*Colormap of the notebook:*

* <span style="color:red">assignment problem</span>. The red color indicates the task that should be done
* <span style="color:green">debugging</span>. The green tells you what is expected outcome. Its primarily goal to help you get the correct answer
* <span style="color:blue">hints</span>.

Assignment 3 (Two layer network)
======================



##### Preliminaries

In [None]:
# for compatability issues 
from __future__ import print_function

In [None]:
import numpy as np
import os
from PIL import Image
import matplotlib.pyplot as plt

In [None]:
import torch
import torchvision
import torch.nn as nn
from torch.autograd import Variable

In [None]:
# to make interactive plotting possible
%matplotlib inline
# for auto-reloading external modules
%load_ext autoreload
%autoreload 2

In [None]:
# make plots a bit nicer
plt.matplotlib.rcParams.update({'font.size': 18, 'font.family': 'serif'})

In [None]:
# random seed settings
torch.manual_seed(42)
np.random.seed(42)

# data type (useful to have in pytorch)
dtype_np = np.float64
dtype_torch = torch.FloatTensor
# dtype = torch.cuda.FloatTensor # to run on GPU

##### Data (playground)

In [None]:
# load data
data = np.loadtxt('data/toy_data/data_class_train.txt')
dataX = data[:,0:2]
dataY = data[:,2]

In [None]:
n_samples = data.shape[0]
dim_in = 2 # two features
dim_out = 3 # three classes

n_train = int(n_samples * 0.7)
n_test = n_samples - n_train

In [None]:
# train-test partition
perm = np.random.permutation(n_samples)
train_indx = perm[:n_train]
test_indx = perm[n_train:]

dataX_train, dataY_train = dataX[train_indx,:], dataY[train_indx]
dataX_test, dataY_test = dataX[test_indx,:], dataY[test_indx]

In [None]:
# visualize data
plt.figure(figsize=(10,5))
plt.plot(dataX_train[dataY_train==0,0], dataX_train[dataY_train==0,1],'ob', label="class1")
plt.plot(dataX_train[dataY_train==1,0], dataX_train[dataY_train==1,1],'og', label="class2")
plt.plot(dataX_train[dataY_train==2,0], dataX_train[dataY_train==2,1],'or', label="class3")
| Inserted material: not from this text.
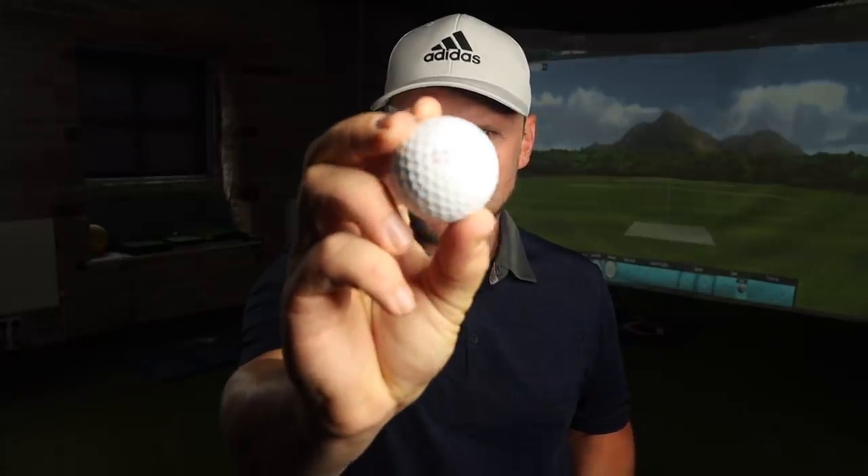Last three shots hit with the Gap Wedge with the Titleist Pro V1. I'd expect the Gap Wedge to go around 115 to 120, more like 120 really — Pitching Wedge is about 135. How far is it going to go with the Kirkland Costco Signature ball? When you think Kirkland, you think dog food, toilet roll — you just don't really think golf ball, do you?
plt.plot(dataX_test[:,0], dataX_test[:,1],'xk', label="test")

plt.xlabel('feature #1')
plt.ylabel('feature #2')
plt.legend()
plt.xlim(-9, 9)
plt.ylim(-5, 12);

##### Two-layer Network (by hand)

$$x_{hidden} = RELU(x  \cdot W_1 + b_1)$$
$$y_{pred} = x_{hidden} \cdot W_2 + b_2$$

In [None]:
dim_hidden = 100 # hidden dimension

In [None]:
# input 
x = Variable(torch.from_numpy(dataX_train).type(dtype_torch), requires_grad=False)
y = Variable(torch.from_numpy(dataY_train).type(torch.LongTensor), requires_grad=False)

* Weights and biases

<span style="color:red"> **[PROBLEM I]**: </span>   
<span style="color:red"> Fill the missing part (weights and biases for the output layer) </span>  

In [None]:
# Randomly initialize weights
w1_value = np.random.randn(dim_in, dim_hidden)
w2_value = # YOUR CODE HERE

# Randomly initialize biases
b1_value = np.random.randn(dim_hidden)
b2_value = # YOUR CODE HERE

In [None]:
w1 = Variable(torch.from_numpy(w1_value).type(dtype_torch), requires_grad=True)
w2 = Variable(torch.from_numpy(w2_value).type(dtype_torch), requires_grad=True)
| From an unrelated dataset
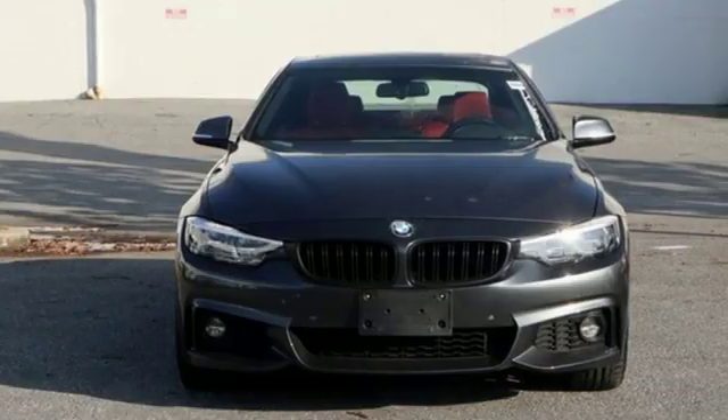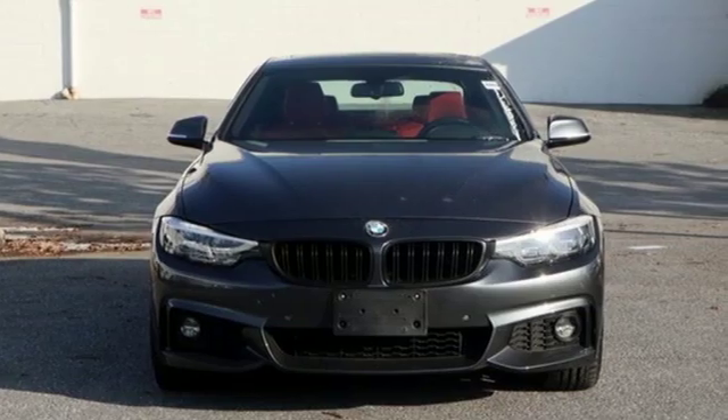BMW, the ultimate driving machine. You'll never know till you try. Test drive it today.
b1 = Variable(torch.from_numpy(b1_value).type(dtype_torch), requires_grad=True)
b2 = Variable(torch.from_numpy(b2_value).type(dtype_torch), requires_grad=True)
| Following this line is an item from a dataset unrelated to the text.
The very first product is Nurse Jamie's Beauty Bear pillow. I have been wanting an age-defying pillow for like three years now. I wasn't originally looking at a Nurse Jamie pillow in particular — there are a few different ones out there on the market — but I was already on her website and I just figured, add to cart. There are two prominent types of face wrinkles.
* Loss (we will use cross-entropy loss), see documentation for details http://pytorch.org/docs/master/nn.html#torch.nn.CrossEntropyLoss

In [None]:
criterion = nn.CrossEntropyLoss()

* learning parameters

In [None]:
learning_rate = 1e-3
n_iteration = 500

<span style="color:red"> **[PROBLEM II]**: </span>   
<span style="color:red"> Fill the missing part (last operation in forward pass to calculate *y_pred*) </span>  

In [None]:
logger = {}
logger['iteration'] = []
logger['loss_iteration'] = []

for t in range(n_iteration):  
    
    # forward pass
    x_hidden = x.mm(w1) + b1.expand(n_train, dim_hidden)
    x_hidden_act = x_hidden.clamp(min=0) # apply RELU
    y_pred = # YOUR CODE HERE
    
    # compute loss
    loss = criterion(y_pred, y)

    # backprop
    loss.backward()

    # update weights using gradient descent  
    w1.data -= learning_rate * w1.grad.data
    w2.data -= learning_rate * w2.grad.data
    b1.data -= learning_rate * b1.grad.data
    b2.data -= learning_rate * b2.grad.data
    
    # manually zero the gradients
    w1.grad.data.zero_()
    w2.grad.data.zero_()
    b1.grad.data.zero_()
    b2.grad.data.zero_()  
    
    # reporting & logging       
    if t % 100 == 0:
        print(t, loss.data[0])
        
    logger['iteration'] += [t]
    logger['loss_iteration'] += [loss.data[0]]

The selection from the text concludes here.